Monday, January 29, 2007

FAO/WFP Flood Impact Assessment, Lower Shire

Two women assessing their replanted maize crop, Nsanje District.

Legend has it that God intended Malawians to live on the plateau of Malawi, but to work and harvest from the rich soils of the Lower Shire (pronounced Shir-ee). Of course, fast forward a few thousand years and things haven’t quite worked out as God intended: a large number of unfortunate souls live in a basin well below the rest of Malawi in intense humidity and horrendous average daily temperatures of 42 degrees. Oh yes, God was certainly right about one thing – the soil is incredibly fertile, as the sugar plantation owners know, but there’s always a catch – in this case the humidity, floods and drought. Welcome to Nsanje and Chikwawa Districts which make up the Lower Shire. It’s a little cruel, in my opinion, that from the bottom of the basin the soaring ridge of the plateau is visible so that every time you look up you are reminded that not everywhere is already 36 degrees at 7am.

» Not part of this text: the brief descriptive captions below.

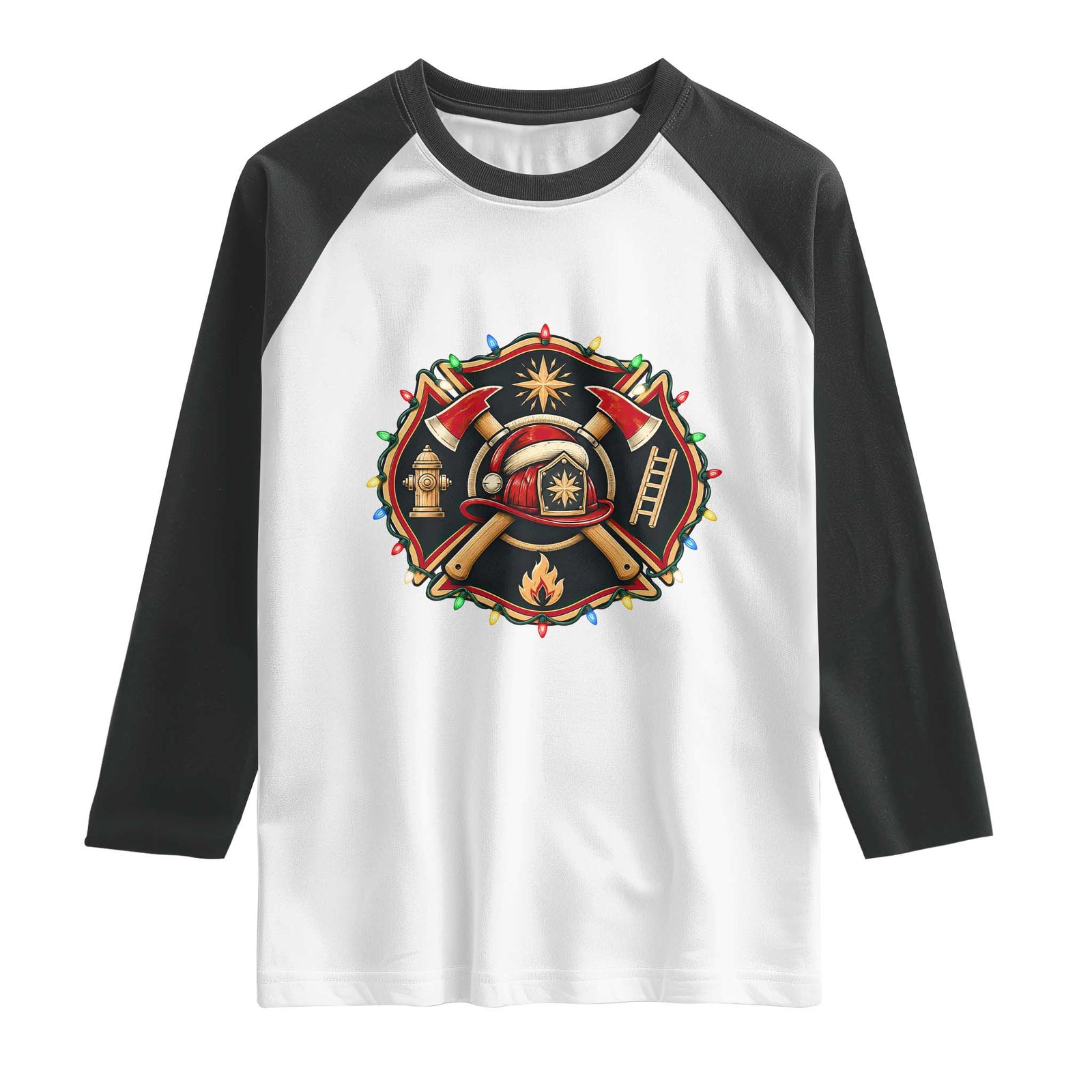 Christmas Firefighter Maltese Cross Raglan Shirt Festive Lights First Responder Holiday Gift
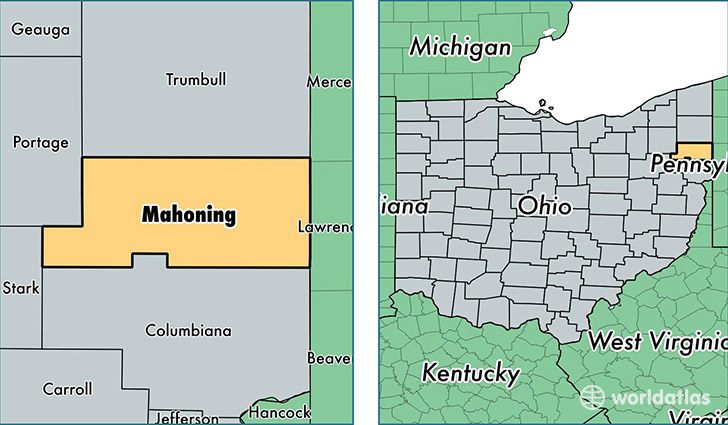 location of Mahoning county on a map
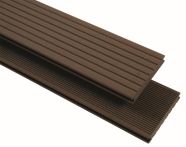 GartenLand WPC Terrassendiele Vintage Massiv 20x145 mm Schokobraun Genutet und Geriffelt Hohlkammer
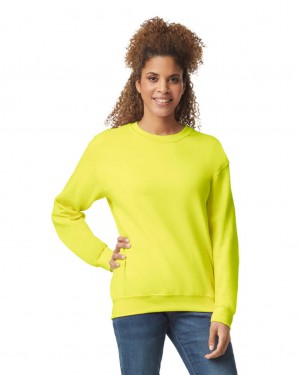 Safety Green Gildan 18000 Crewneck Women's Sweatshirt | XSJG15920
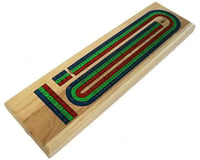 Wood Expressions 301103 Classic Cribbage Set - Solid Wood TriColor (Blue, Green, Red) Continuous 3 Track Board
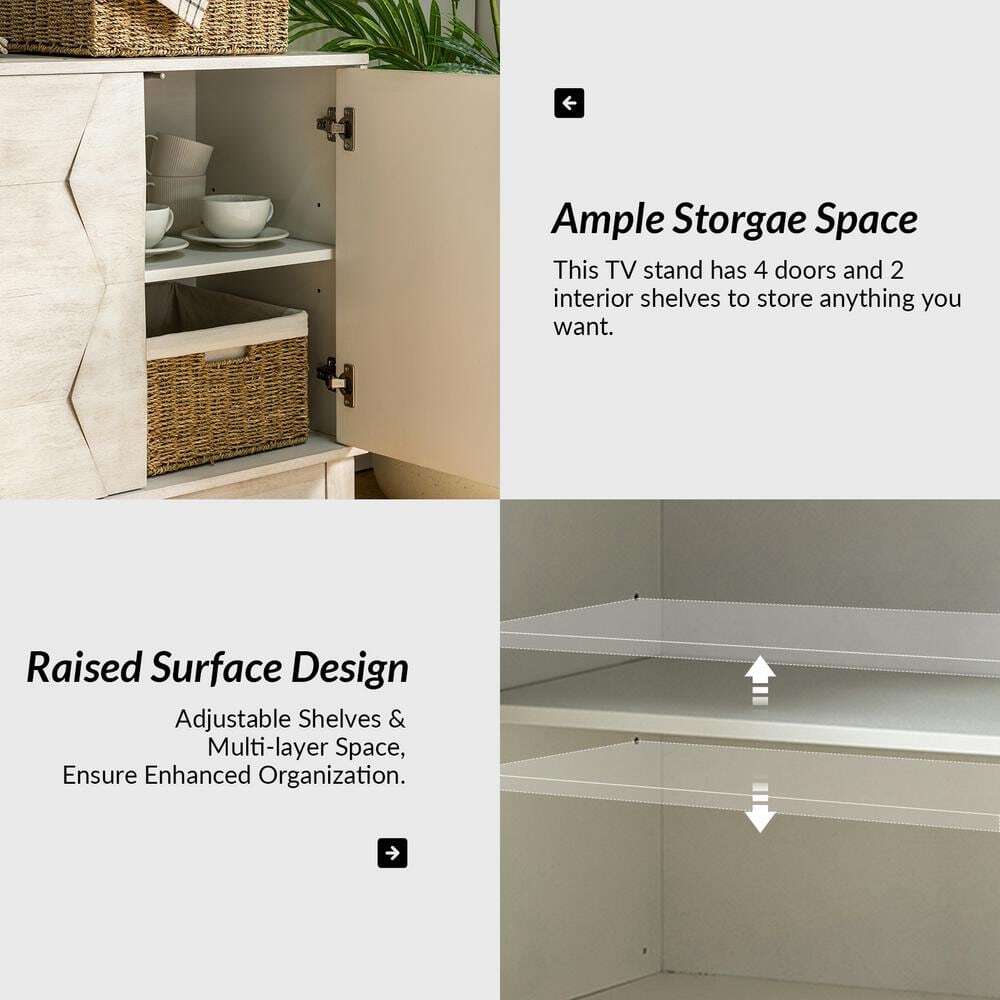 Modern Sideboard Hexagonal Embellishments with Solid Wood Legs White 60 In. New
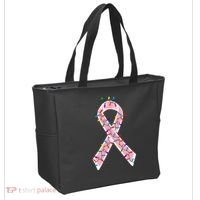 Christmas Lights Breast Cancer Ribbon Tote Bag thumb 2
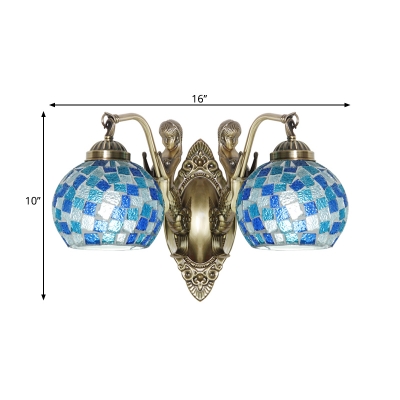 Globe Wall Lighting Fixture 1/2 Bulbs Blue Stained Glass Mediterranean Wall Light Sconce with Mermaid Arm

Having heard the legend, last week I was fortunate enough to travel to Nsanje and Chikwawa for a week to conduct a flood impact assessment as part of the joint WFP-FAO (Food and Agriculture Organisation – another UN body) mission team. Actually, the ‘team’ was made up of me and Chester, a FAO guy and previous Chikwawa District Crops Officer, and the ever important driver who managed to only get us stuck once. In November some flash floods hit the Lower Shire – quite normal for that time of year, and quite expected. BUT, come January, no one was expecting more floods. At WFP these floods have been disastrous, as transporters carrying food for the Jan-Feb distributions have become stuck in an area called the East Bank, along the River Shire.

According to Ministry of Agriculture assessments huge numbers of hectares had been totally destroyed by the January floods. Unfortunately the very lovely Ministry of Agriculture have a few ulterior motives when reporting crop damage, so we were there to do our own assessment. Unlike in the health sector, where Malawi’s 28 districts are divided into Traditional Authorities (TAs), in agriculture the districts are divided on geographical, not political lines, which results in about 5 or 6 EPA (Extention Planning Areas) per district. We spent a lot of time wandering around fields of half flooded maize, and looking at sand covered rice crops. Why oh why, we pleaded, had these people been advised to plant maize after the first rains?? Why not cassava, rice or sweet potato, which are much more resistant to flooding? At one spot we cowered under a tiny tree for shade and looked out on a field of maize which now looks like a beach. Gradually the whole village came over to us and explained that floods had never happened before in the area since 1997, and that they were 100% reliant on the maize they had planted for food. Luckily most other areas weren’t so dependent on their summer crop (it’s summer here!) and could get by on winter harvests, so there’s no need for food aid. Food aid, in my opinion, can be a hugely dangerous thing.

One night I found myself in a snazzy motel in a place called Nchalo, half way between Chikwawa and Nsanje, with ‘you want regret’ under its sign. Nchalo is your typical Malawian town, strung along a main road with a PTC shop, petrol pump and a whole host of little run-down shops selling very randoms things from bicycle tires to goats (Chester actually bought a goat on the way back). There I sat in a bar drinking a ginger ale next to a guy slowly getting drunk on green Calsberg who asked the same question ever 10 minutes or so. Behind the barman’s head was a novelty item: a television with DSTv disk, flashing scenes of As Time Goes By. It had taken some persuasion and the agreement of the entire bar to change the channel to BBC Prime, but the explanation that it would remind me of home made everyone very agreeable. Of course, there followed 100 questions: where was home, what was I doing in the Lower Shire, how long had I been here, which football team do I support??? They were, for the most part, half drunk, and so ecstatic to oblige a white girl who for some bizarre reason was spending a night down in the Lower Shire. So, we sat in the bar till 10pm, by which time the temperature had dropped to a sleep-able 30 degrees.

I wouldn’t want to live in the Lower Shire, although an awful lot of people do. Illovo, the sugar company, has a huge plantation there, and about 30kms of the M1 road travels alongside the sugar cane. Of course, those 30km takes nearly an hour to drive as the road is so bad as to make you feel that your spine is being compacted on every single bump. Nsanje, the last town on the M1, or the first – depending on your viewpoint – promises the exciting Nsanje Port on the Shire River when you enter the town. Unfortunately this hasn’t been built yet, and comments go that why not build a proper road before building a port. At least the promise of the port has brought a baker to the town.

According to my colleagues, I can now say I have seen Malawi. I have traveled the whole of the M1, from the most Southern tip in Nsanje to the most northerly point in Chitipa, covering 24 of the 28 districts. What can I say? Half the time I want to stay for ever in this beautiful, friendly, well meaning country, and the rest of the time I desperately want to come home.